Deux
compositeurs pour une même partition. Qui fit quoi alors ? "Le
secret de notre collaboration ? Il n'y en a pas. La main gauche. La main
droite." confiaient ironiquement Ibert et Honegger, ramenant avec raison
de six à cinq actes la pièce de Rostand.
Un secret jalousement gardé
? Un secret de polichinelle oui... Qu'il nous soit permis de supputer qu'Ibert
transpire allègrement dans les plages sentimentales et Honegger
dans les passages d'héroïsme comme cette hallucinante évocation
de la bataille de Wagram. C'est à Gunsbourg que l'on doit le partage
de l'oeuvre : "Il n'y en a qu'un pour faire les batailles, c'est Honegger".
Dont acte...
Alors cet Aiglon, que donne-t-il
? Des pages au charme indubitable. Le métier est toujours présent,
la facilité aussi avec l'insertion de chants patriotiques ou de
comptines enfantines. On sent que les deux musiciens maîtrisent toutes
les ressources et ficelles de leur technique comme en témoigne le
naturel de la déclamation lyrique. Traitée à la manière
des images d'Epinal, l'oeuvre est intense, pathétique, directe.
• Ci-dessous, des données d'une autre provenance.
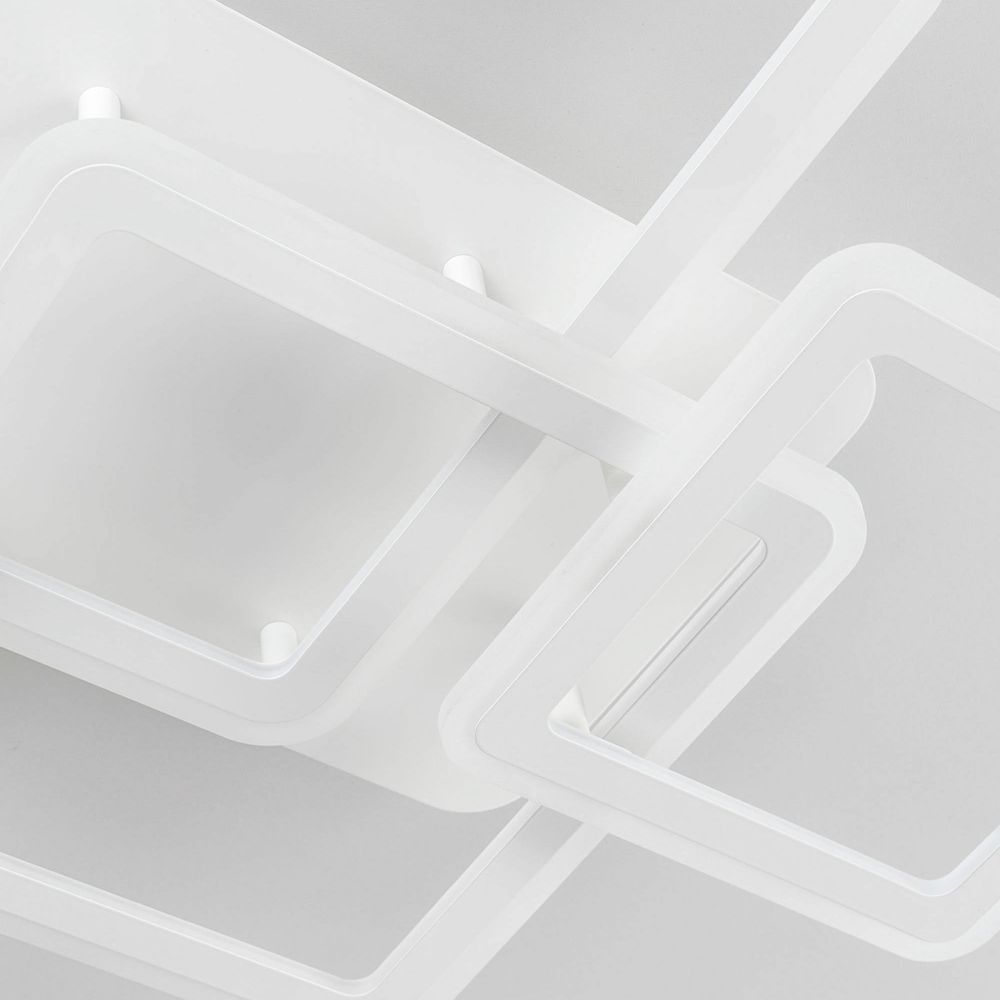 Citilux Тринити CL238230E RGB Люстра светодиодная с пультом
Reconnaissons également qu'avec
habileté et finesse, le chirurgien-librettiste Henri Caïn s'est
tiré d'affaire avec brio, même si son texte ne peut toujours
respecter le rythme dramatique du poète marseillais, entre panache
et rouerie du verbe propres à faire pleurer Margot.
Bref, sur un texte suranné
parfois bien proche de l'opérette, voici un drame mi-aristocratique,
mi populaire mêlant adroitement les deux genres, une viennoiserie
sucrée salée à point pour faire rêver le petit
peuple toujours amoureux des brillants salons. Si en plus l'infortuné
et tuberculeux Roi de Rome (et pour certains fils du "Boucher de l'Europe")
en est le héros...
C'est avec plaisir que l'on salue
ici le retour de Patrice-Caurier et Moshe Leiser.
Le talentueux tandem (n'oublions
pas les décors signés Fenouillat et les costumes de Cavalca)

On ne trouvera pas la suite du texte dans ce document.